For example, a flat, U-shaped ribbon of metal or plastic can serve as the curved interconnecting elements. However, FIGS. FIGS. 13-21 show that the physical properties and cross-sections of interconnecting elements can change by placing reinforcing or ridges 43, 44. The ribs 43 can strengthen U-shaped loops, and change their torsional and flexible properties. To increase tooth-clasping element strength, the ribs 44 can be extended beyond the loops onto tooth-clasping components 15. They are particularly effective in the central area of the clasps 15, where they engage the bonded attachments (12A, 12B). These strengthening ribs 43 and 44 can be made easily if the appliances have been printed with a 3-D printer. The interconnecting elements can be any shape you like, including oval, rectangular, multi-stranded cable or composite structures.

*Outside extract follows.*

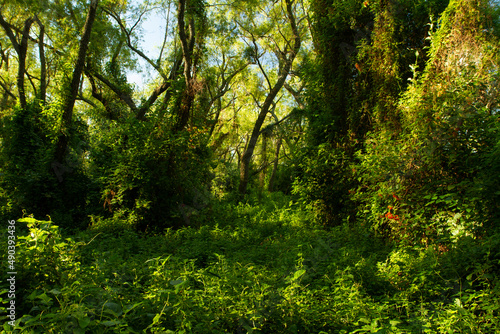The green forest with a beautiful light. Beautiful lush vegetation texture and pattern.  © Gonzalo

“FIG. FIG. 13 shows an enlarged portion of the appliance. 12. The flexible interconnecting element’s outer edge will have reinforcing Ridges 43 printed into it. The ridges 43 extend onto both the flange portion of the tooth clasping element and the main tooth-contacting section of the tooth clasping element. The reinforcing Ridge extends and becomes continuous on one tooth, in this instance the upper right canine tooth. A reinforcing Ridge 44 surrounds the entire bonded attachment on that tooth’s buccal surface. The reinforcing edges are used to increase strength and control the flex properties of the tooth-clasping and flexible interconnecting elements. This disclosure does not restrict the reinforcing Ridges 43, 44 to a particular place or configuration. The reinforcing edges can be placed anywhere they are required to increase strength and control the flex properties the tooth-clasping and flexible interconnecting elements.

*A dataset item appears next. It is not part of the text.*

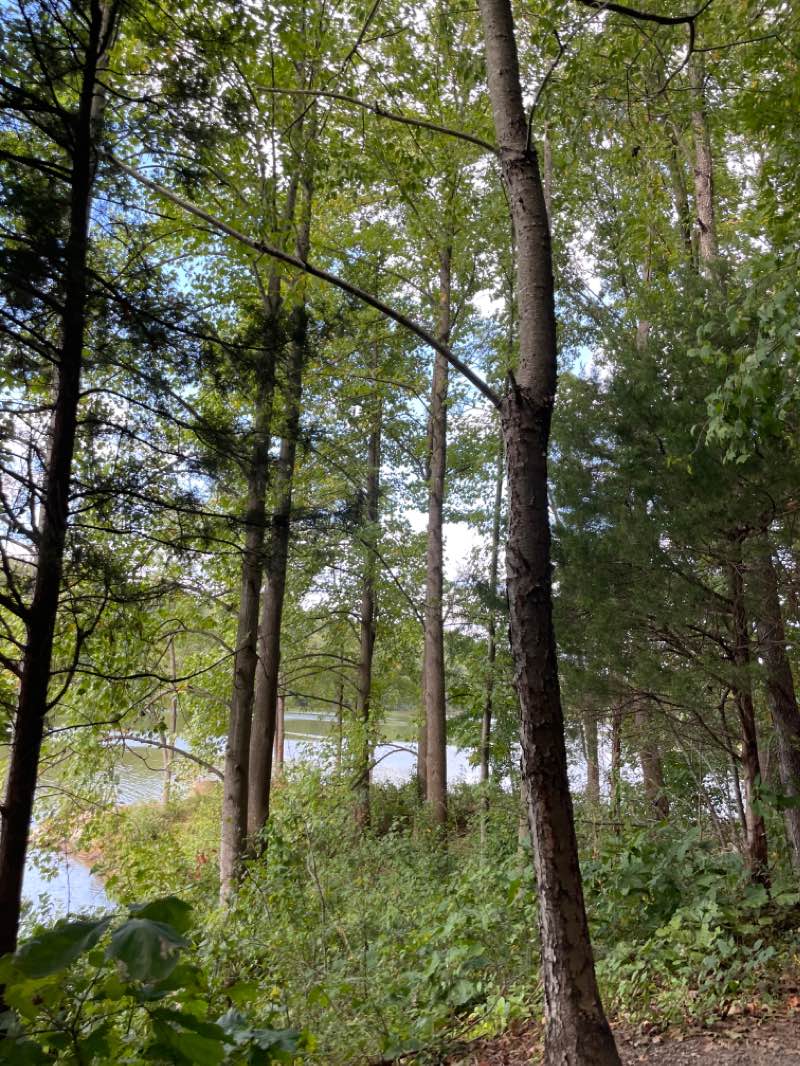 walking near me in Lakeside Park in winter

“FIGS. 14-21 show several configurations of reinforcing Ridges that can be placed on flexible interconnecting elements and tooth-clasping components. Reinforcing Ridges can take any cross-sectional form. FIG. FIG. 14 shows two rectangular projections that form a C-shape. FIG. FIG. 15 shows one rectangular projection that forms a T-shape. FIG. 16 shows double rectangular projections. FIG. FIG. 17 shows two rectangular projections that form an I-shape. FIG. FIG. 18 shows two tapered projections that form a C-shape. FIG. FIG. 19 shows a single, tapered projection that forms a T-shape. FIG. FIG. 20 shows double-taped projections. FIG. FIG. 21 has tapered projections on both sides to create an I-shape.

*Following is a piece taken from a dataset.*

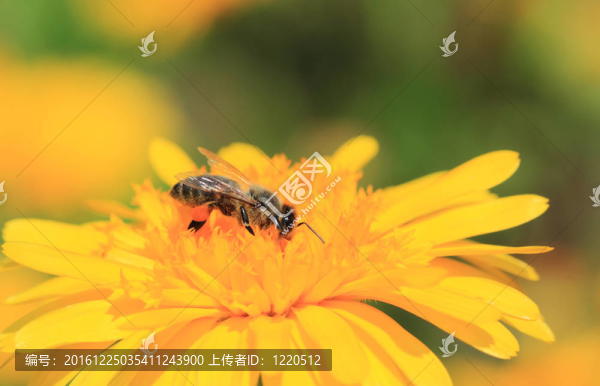 蜜蜂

“The embodiment shown in FIG. 22 uses interconnecting elements 41 in an U-shape. Inverted loop geometry is better to keep favorable forces applied to teeth and minimize tooth tipping during closure. The loops that are open inverted may make it more difficult for tooth-clasping elements to be placed on the teeth. This embodiment can be made using thin-shell vacuum-formed plastic. The loops can then be fully formed with the normal configuration. The loops can then be heated and flexed down to change their configuration. This invention should be easy to mass-produce using computer 3-D printer technology. The inverted configuration does not require any additional steps for loop flexion. FIGS. The wire interconnecting elements may also be made with wire loops in an inverted configuration. This is because wire loops are better suited to closing interdental spaces.
“Returning back to FIG. 22. This type of appliance can also made from a thermoformed sheets by heating the loops of interconnecting elements 41, and then bending them down into an inverted position. To heat and re-form thermoplastic material, an electric heat gun equipped with a blower or an ultrasonic welding machine could be used. The appliance can be printed in an inverted position if it is printed. The appliance doesn’t extend as far into the buccal vestibule and is therefore less likely to cause irritation to the cheek tissue or gum tissue. It also has a mechanical advantage. A loop that is open is better for moving roots closer together. The roots will be closer if the loop is inverted and it is opened. The same inverted loop geometry can be used in the first embodiment. However, you wouldn’t want to bend them downward. The wires should be arranged in an inverted position at the beginning.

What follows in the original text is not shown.